Building your world with OWDB follows Godot's natural scene structure patterns. Create a main scene with an OpenWorldDatabase node as the root for all your world content, then organize your content hierarchically underneath it. Add areas like towns with shop buildings, interiors, and NPCs; wilderness zones with outposts, points of interest, and wildlife spawns; and important landmarks. Your player should be separate from the world database, with an OWDBPosition child node that triggers chunk loading around the player's current location.
# Create your scene structure like this:
Main Scene
├── OpenWorldDatabase
│ ├── Town
│ │ ├── Shop Buildings (with interiors, NPCs)
│ │ ├── Public Areas (with furniture, decorations)
│ │ └── Guard Patrols (moving NPCs)
│ ├── Wilderness
│ │ ├── Outpost Areas
│ │ ├── Points of Interest
│ │ └── Wildlife Spawns
│ └── Important Landmarks
└── Player
└── OWDBPosition # This triggers chunk loading around player
The OpenWorldDatabase node exposes several key settings through the inspector that control how your world streams. The chunk_sizes array defines size categories for different content types - smaller values like 8.0 for detailed objects, medium values like 16.0 for buildings, and larger values like 64.0 for terrain features. The chunk_load_range determines how many chunks around each position to keep loaded, while batch_time_limit_ms controls the maximum time per frame spent on loading operations to maintain smooth performance. Enable debug mode to see the system working in real-time as you develop.
Simply add an OWDBPosition node as a child to your player or camera, and the system handles everything else automatically. The system generates unique IDs for everything under OWDB, calculates object sizes and assigns them to appropriate chunk categories, creates a .owdb database file alongside your scene, and monitors for changes as you work in the editor. This gives you efficient world streaming based on the player's position with zero additional code required.
The OpenWorldDatabase node serves as the central coordinator for your entire world streaming system. It manages world content through intelligent chunking algorithms that categorize objects by size and importance, handles batch processing to maintain smooth performance by spreading loading operations across multiple frames, and saves/loads world state to persistent .owdb files so your world remembers changes between sessions. When multiplayer is enabled, it coordinates seamlessly with the networking system to ensure consistent world state across all connected peers.
OWDBPosition nodes act as focal points that define where chunks should be loaded in your world. Add them as children to any Node3D that needs chunks loaded nearby - typically your player, but also cameras, important NPCs, or any entity that needs world content available around it. The system automatically tracks position changes and triggers appropriate loading and unloading operations. In multiplayer scenarios, these positions communicate with the Syncer for per-peer visibility culling, and you can have multiple positions active simultaneously for complex visibility requirements like split-screen or multiple important areas.

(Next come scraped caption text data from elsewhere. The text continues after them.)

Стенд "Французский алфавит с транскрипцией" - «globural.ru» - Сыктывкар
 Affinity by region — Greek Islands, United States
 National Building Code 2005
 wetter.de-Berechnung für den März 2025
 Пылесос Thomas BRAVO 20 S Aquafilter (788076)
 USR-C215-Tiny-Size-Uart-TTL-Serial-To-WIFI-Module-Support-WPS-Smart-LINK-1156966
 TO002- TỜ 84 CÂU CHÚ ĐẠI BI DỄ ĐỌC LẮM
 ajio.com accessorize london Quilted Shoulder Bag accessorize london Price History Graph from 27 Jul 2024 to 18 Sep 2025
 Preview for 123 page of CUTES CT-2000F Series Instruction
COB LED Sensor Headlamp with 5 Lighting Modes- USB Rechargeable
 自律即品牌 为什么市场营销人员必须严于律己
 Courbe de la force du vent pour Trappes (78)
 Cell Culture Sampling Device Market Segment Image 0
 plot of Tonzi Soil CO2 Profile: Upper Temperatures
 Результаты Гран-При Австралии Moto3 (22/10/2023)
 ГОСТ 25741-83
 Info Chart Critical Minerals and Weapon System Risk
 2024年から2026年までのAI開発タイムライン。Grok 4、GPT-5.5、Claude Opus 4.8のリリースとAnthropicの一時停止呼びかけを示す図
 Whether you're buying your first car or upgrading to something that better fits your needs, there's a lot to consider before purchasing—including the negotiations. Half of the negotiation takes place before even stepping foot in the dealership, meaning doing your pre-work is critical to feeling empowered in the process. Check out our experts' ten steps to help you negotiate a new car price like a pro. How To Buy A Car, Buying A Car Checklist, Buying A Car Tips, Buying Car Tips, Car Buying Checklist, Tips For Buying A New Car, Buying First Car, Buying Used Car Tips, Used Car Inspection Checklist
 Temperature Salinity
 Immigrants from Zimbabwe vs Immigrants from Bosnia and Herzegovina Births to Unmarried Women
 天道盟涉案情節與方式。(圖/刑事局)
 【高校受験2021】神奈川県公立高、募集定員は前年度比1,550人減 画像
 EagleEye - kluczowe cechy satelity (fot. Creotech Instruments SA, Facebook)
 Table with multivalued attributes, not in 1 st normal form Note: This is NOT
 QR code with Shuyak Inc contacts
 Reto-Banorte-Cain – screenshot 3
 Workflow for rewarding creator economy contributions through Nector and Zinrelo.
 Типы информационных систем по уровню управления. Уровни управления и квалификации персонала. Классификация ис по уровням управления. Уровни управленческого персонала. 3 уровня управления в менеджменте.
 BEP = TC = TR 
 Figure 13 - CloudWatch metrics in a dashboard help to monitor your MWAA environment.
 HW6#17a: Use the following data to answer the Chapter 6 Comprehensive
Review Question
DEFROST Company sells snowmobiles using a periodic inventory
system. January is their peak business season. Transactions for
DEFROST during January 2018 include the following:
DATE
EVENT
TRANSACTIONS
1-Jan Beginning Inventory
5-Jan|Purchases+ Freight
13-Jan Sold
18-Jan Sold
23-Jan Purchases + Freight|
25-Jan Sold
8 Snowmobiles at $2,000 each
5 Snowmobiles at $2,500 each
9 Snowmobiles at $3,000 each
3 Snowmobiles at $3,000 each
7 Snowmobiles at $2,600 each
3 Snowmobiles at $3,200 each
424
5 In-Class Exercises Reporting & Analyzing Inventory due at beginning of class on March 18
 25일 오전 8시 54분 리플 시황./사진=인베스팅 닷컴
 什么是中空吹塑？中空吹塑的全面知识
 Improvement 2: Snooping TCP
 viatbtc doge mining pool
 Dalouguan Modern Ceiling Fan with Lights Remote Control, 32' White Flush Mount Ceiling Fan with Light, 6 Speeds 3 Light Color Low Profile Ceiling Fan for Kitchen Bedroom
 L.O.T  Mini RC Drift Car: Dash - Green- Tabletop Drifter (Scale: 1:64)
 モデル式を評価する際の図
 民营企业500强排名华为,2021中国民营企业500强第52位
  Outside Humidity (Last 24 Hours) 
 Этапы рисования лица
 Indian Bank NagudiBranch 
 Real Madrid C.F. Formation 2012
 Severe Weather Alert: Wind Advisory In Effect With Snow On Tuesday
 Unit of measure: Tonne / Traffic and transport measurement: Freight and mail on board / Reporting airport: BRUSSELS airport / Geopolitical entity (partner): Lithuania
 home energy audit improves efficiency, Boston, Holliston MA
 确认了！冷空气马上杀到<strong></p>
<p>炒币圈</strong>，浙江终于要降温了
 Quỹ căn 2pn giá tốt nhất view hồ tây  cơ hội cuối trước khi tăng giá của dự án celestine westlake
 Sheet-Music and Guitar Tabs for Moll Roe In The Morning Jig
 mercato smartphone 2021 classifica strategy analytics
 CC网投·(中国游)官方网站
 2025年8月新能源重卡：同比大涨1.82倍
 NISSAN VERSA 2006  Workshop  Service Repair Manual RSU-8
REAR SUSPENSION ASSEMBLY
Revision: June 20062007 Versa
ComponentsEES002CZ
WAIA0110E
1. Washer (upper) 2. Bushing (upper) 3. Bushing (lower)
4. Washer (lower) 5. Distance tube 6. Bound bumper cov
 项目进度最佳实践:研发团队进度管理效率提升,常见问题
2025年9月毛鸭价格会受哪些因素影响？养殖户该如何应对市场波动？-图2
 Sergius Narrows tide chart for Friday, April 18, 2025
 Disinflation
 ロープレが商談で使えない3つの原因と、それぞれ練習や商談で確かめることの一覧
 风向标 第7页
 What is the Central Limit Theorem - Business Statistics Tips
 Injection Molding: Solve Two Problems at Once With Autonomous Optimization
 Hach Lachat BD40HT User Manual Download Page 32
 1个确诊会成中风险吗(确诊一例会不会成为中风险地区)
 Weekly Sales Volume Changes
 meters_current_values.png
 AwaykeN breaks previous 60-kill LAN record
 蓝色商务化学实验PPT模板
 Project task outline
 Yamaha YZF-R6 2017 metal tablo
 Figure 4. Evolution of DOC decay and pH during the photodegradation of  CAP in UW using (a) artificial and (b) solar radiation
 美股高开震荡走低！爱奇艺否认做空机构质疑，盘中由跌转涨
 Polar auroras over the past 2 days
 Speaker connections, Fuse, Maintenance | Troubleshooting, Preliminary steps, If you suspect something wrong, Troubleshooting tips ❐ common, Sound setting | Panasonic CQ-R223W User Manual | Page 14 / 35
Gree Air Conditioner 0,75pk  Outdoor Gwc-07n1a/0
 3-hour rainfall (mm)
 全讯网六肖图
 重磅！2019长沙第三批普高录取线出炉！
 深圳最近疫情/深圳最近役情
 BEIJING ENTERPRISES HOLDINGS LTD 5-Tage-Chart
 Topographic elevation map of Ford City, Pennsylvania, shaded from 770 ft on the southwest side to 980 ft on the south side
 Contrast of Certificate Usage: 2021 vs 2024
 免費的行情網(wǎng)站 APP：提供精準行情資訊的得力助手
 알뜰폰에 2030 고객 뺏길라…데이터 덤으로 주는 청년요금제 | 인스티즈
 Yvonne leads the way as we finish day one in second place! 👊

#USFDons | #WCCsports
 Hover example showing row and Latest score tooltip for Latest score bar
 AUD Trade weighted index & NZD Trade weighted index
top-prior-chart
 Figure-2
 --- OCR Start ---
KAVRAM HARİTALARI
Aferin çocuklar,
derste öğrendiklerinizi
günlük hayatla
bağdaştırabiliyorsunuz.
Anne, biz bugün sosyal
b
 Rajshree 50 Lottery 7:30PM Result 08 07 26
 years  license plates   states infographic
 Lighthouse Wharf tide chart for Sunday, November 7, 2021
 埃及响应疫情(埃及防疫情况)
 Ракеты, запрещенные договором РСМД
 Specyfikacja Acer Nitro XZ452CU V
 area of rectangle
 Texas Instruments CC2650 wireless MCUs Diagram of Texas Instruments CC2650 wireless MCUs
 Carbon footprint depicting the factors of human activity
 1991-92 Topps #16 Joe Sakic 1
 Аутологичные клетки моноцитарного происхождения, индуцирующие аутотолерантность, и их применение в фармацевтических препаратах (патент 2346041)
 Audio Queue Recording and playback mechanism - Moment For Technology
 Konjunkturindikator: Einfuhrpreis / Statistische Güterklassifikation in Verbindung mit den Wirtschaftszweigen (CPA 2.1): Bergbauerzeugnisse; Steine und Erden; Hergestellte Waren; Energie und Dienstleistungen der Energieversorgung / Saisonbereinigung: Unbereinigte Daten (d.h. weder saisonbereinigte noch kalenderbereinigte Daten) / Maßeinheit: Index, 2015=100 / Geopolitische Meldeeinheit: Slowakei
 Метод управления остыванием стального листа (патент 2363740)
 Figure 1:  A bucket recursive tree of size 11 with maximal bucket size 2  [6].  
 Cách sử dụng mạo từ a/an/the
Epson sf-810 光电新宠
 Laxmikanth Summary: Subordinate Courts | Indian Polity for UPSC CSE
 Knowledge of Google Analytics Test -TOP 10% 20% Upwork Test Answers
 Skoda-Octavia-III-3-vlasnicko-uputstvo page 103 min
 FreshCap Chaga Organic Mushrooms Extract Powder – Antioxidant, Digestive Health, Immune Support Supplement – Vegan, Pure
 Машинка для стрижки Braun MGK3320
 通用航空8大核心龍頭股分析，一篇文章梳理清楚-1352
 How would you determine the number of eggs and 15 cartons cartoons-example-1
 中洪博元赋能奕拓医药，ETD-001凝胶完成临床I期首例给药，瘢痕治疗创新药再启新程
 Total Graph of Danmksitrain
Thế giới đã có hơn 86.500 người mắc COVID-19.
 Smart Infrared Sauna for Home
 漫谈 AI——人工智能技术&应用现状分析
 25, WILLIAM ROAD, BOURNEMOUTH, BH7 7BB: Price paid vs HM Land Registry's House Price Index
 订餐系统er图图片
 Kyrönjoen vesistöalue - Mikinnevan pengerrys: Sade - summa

The OWDBSync component handles property synchronization between peers using three distinct approaches to match your needs. The automatic approach lets you configure everything through exported properties in the inspector, perfect for rapid prototyping. The script-based approach provides simple script calls for setting up property watching with automatic change detection, ideal for most game scenarios. The manual approach gives you complete control over what syncs when, perfect for performance-critical situations or complex conditional syncing requirements.
OWDB supports multiple world configurations, allowing you to save and load different versions of your world for testing different scenarios or providing players with multiple save slots. You can save world variations with custom names, load specific world states on demand, and list all available saved worlds. This is particularly useful during development for testing different content arrangements or maintaining separate builds for different game modes.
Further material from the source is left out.